Malawi’s flagship daily, The Nation, has described the collapse of talks between the Executive arm of government and the Judiciary as “disappointing” and that one of the parties is not negotiating in good faith.
As earlier reported by Nyasa Times , the Judges and magistrates on Monday rejected a 22 percent salary increment offer and pulled out of negotiations with government, raising fears of crisis in the judiciary.
The development also comes barely a month after the end of seven-week judiciary support staff strike that paralyzed the operations of the judiciary between November and December last year.
The Judiciary is demanding 110 percent increment for Supreme Court Judges, 78 percent for High Court Judges and registrars, among other categories.
Government is said to have told them that it does not have money, hence a 22 percent increment offer.
Meanwhile, judges and magistrates from across the country have agreed to take the matter to Parliament, and if nothing happens, sue individual government officers who were involved in the negotiations, according to judiciary spokesperson, Mlenga Mvula.
The collapses of talks comes at a time when there has been some positive outcomes from negotiations surrounding public sector strikes that gave hope that the labour disputes situation was stabilizing, according to the paper.
“So, when talks with other institutions were concluded fairly successfully, why have they failed with the Judiciary who have since rejected a 22 percent salary hike offer, unilaterally suspended talks, threatened to take the matter to Parliament and sue one by one individuals they deem problematic to the execution of their demands?,” says the paper in its editorial comment.
The paper, which won 2014 Misa-Malawi Print Media House of Year Award, also observed that one of the parties could not be negotiating in good faith and “does not appear to cede a consequential part of their bargaining position”.
“As a result, the talks have not gone anywhere,” it adds.

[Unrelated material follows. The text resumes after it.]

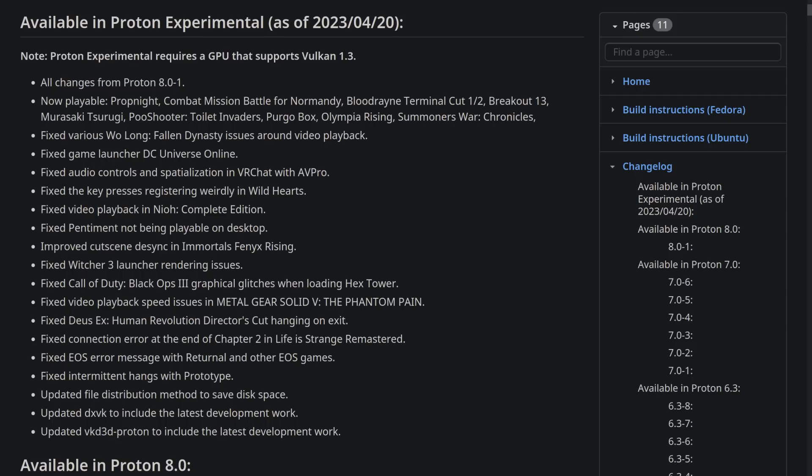A fun one here though is an update to the file distribution method to save some more disk space, because every little helps, especially for those of you on 64GB Steam Deck. That coupled with the upcoming change to shaders that will reduce their file size pretty dramatically in some cases is going to be awesome, which I also covered in a previous news video.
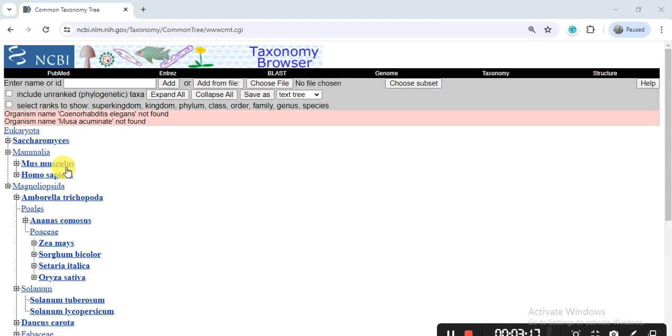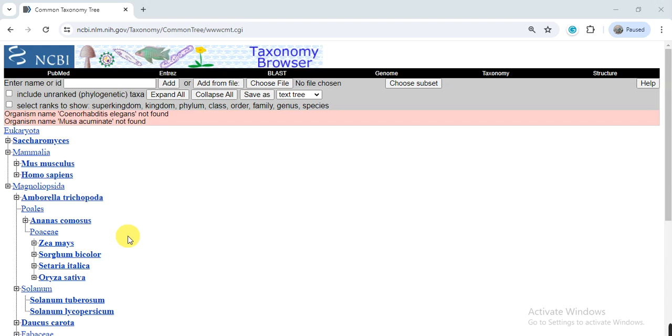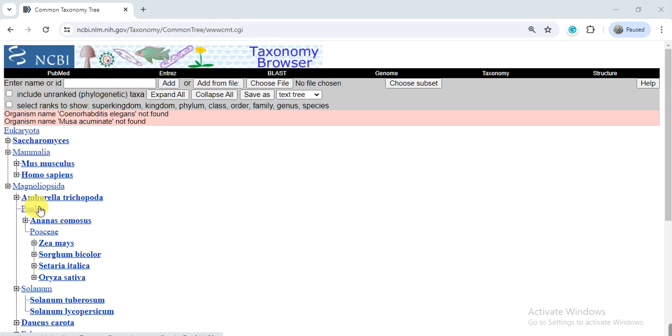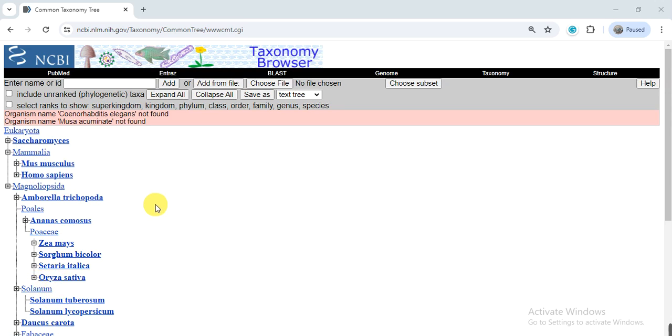So it will give you the list of those species that you have entered, and here they give their phylum, the group they belong to, like Poaceae. These are monocots, Solanaceae, like this. Now we want to make the tree.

However, it commended the Judiciary’s approach that will “directly target those they are negotiating with” while seeking Parliament’s intervention.

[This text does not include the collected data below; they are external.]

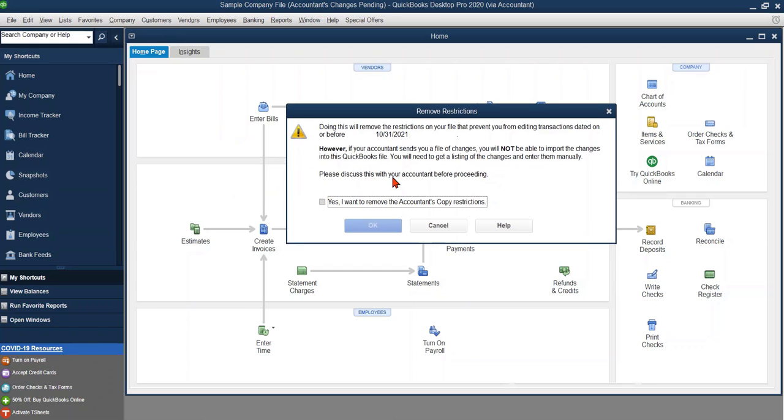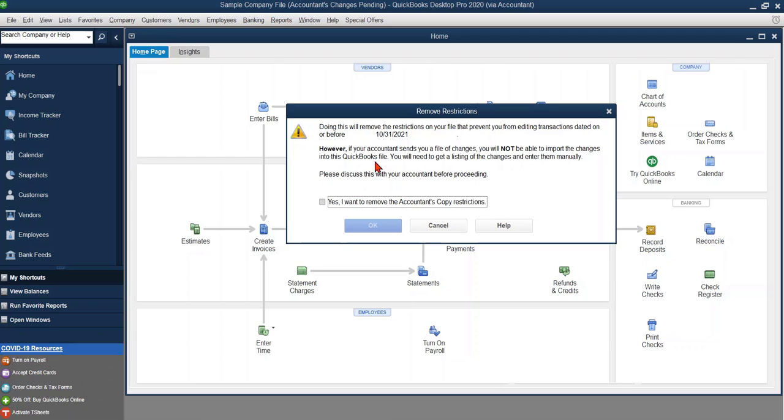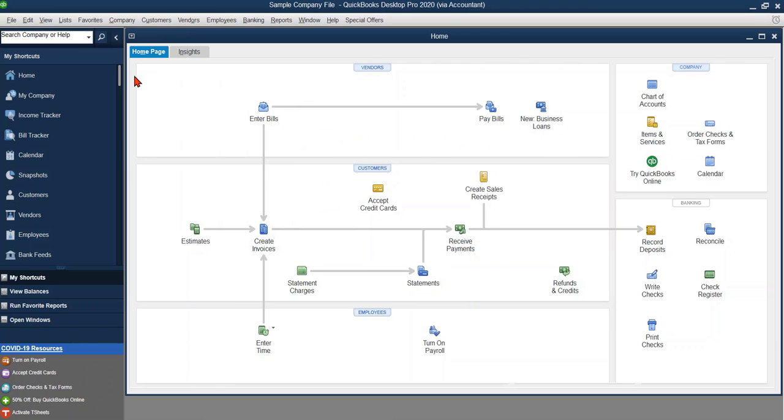It's going to give you a warning. Doing this will remove the restrictions on your file previously sent that based on the date that was provided, and it says, if your accountant sends you a file of changes, you will not be able to import the changes into QuickBooks. So in other words, it's giving you the warning. So you're going to click on yes, I want to remove the accountant's restrictions, assuming that's what you want to do, and click OK.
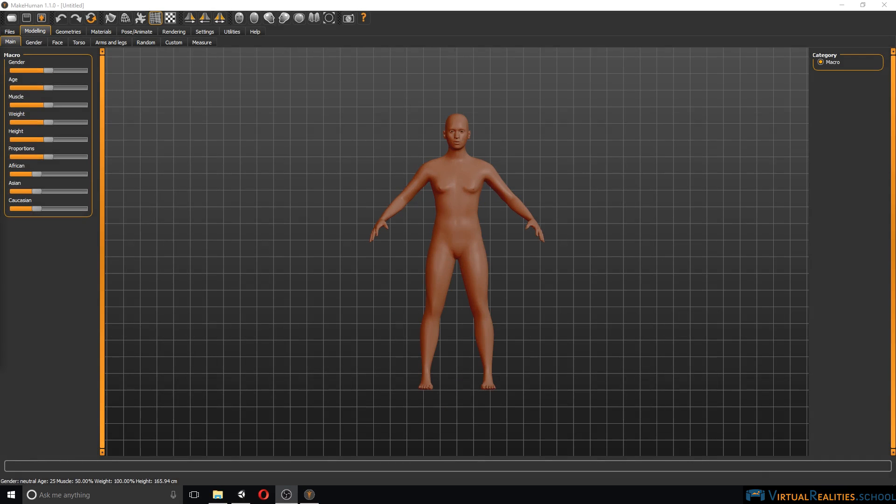Welcome to this video tutorial. In this video we will talk about MakeHuman as a character creation tool for Unity. MakeHuman is available for free as open source software from MakeHuman.org.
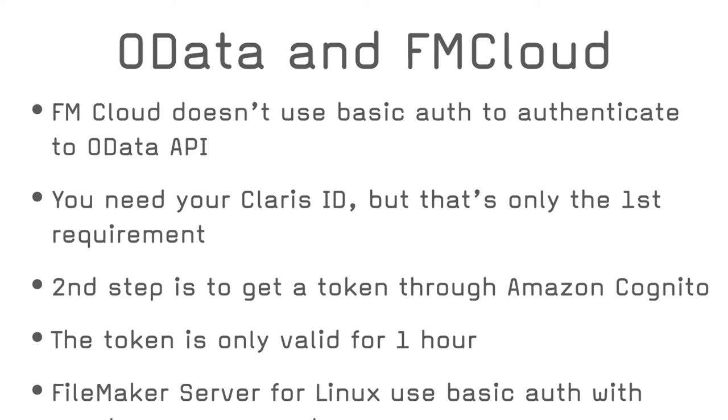When I've created my user that will log into the OData service, I just supposed the service was using the FileMaker local accounts. But to log into a FileMaker file hosted on FileMaker Cloud, you need to have a Claris ID. So maybe the OData sharing is also using the Claris ID.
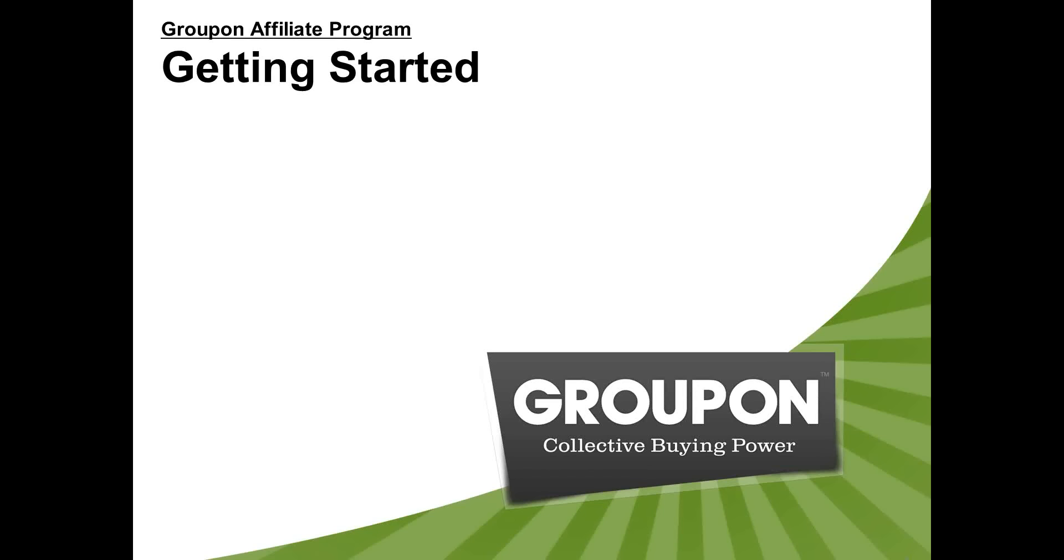All right, everybody. Welcome to the Getting Started webinar for the Groupon Affiliate Program. Thanks for taking the time out of your day to join us here.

“This fairly reasonable approach notwithstanding, it is also in the interest of the nation that there exists no animosity between the two important branches of government-certainly not at a time they should work closely as a team to deliver better services to Malawians, including the reforms agenda.
“We cannot begin to imagine what kind of a country this would be without the rule of law. For example, can we attract investment in a country where there is no guarantee that contracts will be enforced?
“How then do we expect to achieve higher economic growth rates and more revenue (currently being under-collected) if we cannot create the right environment for businesses to operate without misgivings and contribute to the tax kitty enough money to afford the higher perks we are seeking?